Education Leaders Look For New Ways To Prevent DropoutsBy Jeffrey Hess | Published 13 Nov 2012 05:33pm |
Mississippi's dropout rate is ten points higher than the national average with four out of ten students failing to graduate with a high school diploma. As MPB's Jeffrey Hess reports education leaders in the state are trying to craft new approaches to get more students to graduate.
The dropout rate in the Columbus School district is 28-percent....Lower than the state average and on par with the national average but still too high for second year superintendent Martha Liddell.
Liddell is implementing a host of new programs at her district, targeting each drop out and crafting more flexible education plans to get them to graduation.
"Because many times when you have dropped out of school, you are not going back to that bricks and mortar building. You had something go on in your life that you do not want to go back to that high school. So we have put in an innovative approach where you can still get your high school diploma, but you can get it at a community center. You can get it at the Boys and Girls club.

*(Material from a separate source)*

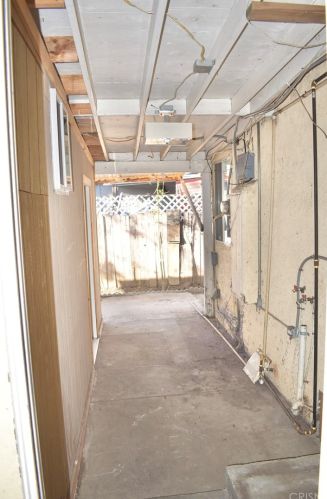 8123 Noble Ave, Van Nuys CA 91402-4509 exterior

You can get it at your local church that has a center set up," Liddell said.
Liddell spoke to a group of education leaders at a dropout prevention summit in Jackson yesterday hosted by MPB.
For 16-year old Hilliard Jones, who attends Murrah High School in Jackson, the school atmosphere and pressure from peers is a big reason he has seen other students drop out.
"If you feel unsafe in school and as if there is no one to help you, What option do you see other than to just leave so you can be through with this situation so you can be happy amongst yourself?" Jones said.
Trecina Green with the Mississippi Department of Education says schools should be encouraged and supported to test pilot dropout prevention programs.
"We will be requesting some funds during this upcoming legislative session. Asking for dollars that our school districts will be able to apply for so that they will be able to help kids remain in school," Green said.
Green says one possible program more schools could adopt is allowing students to repeat subject areas where they are weak rather than repeating an entire grade.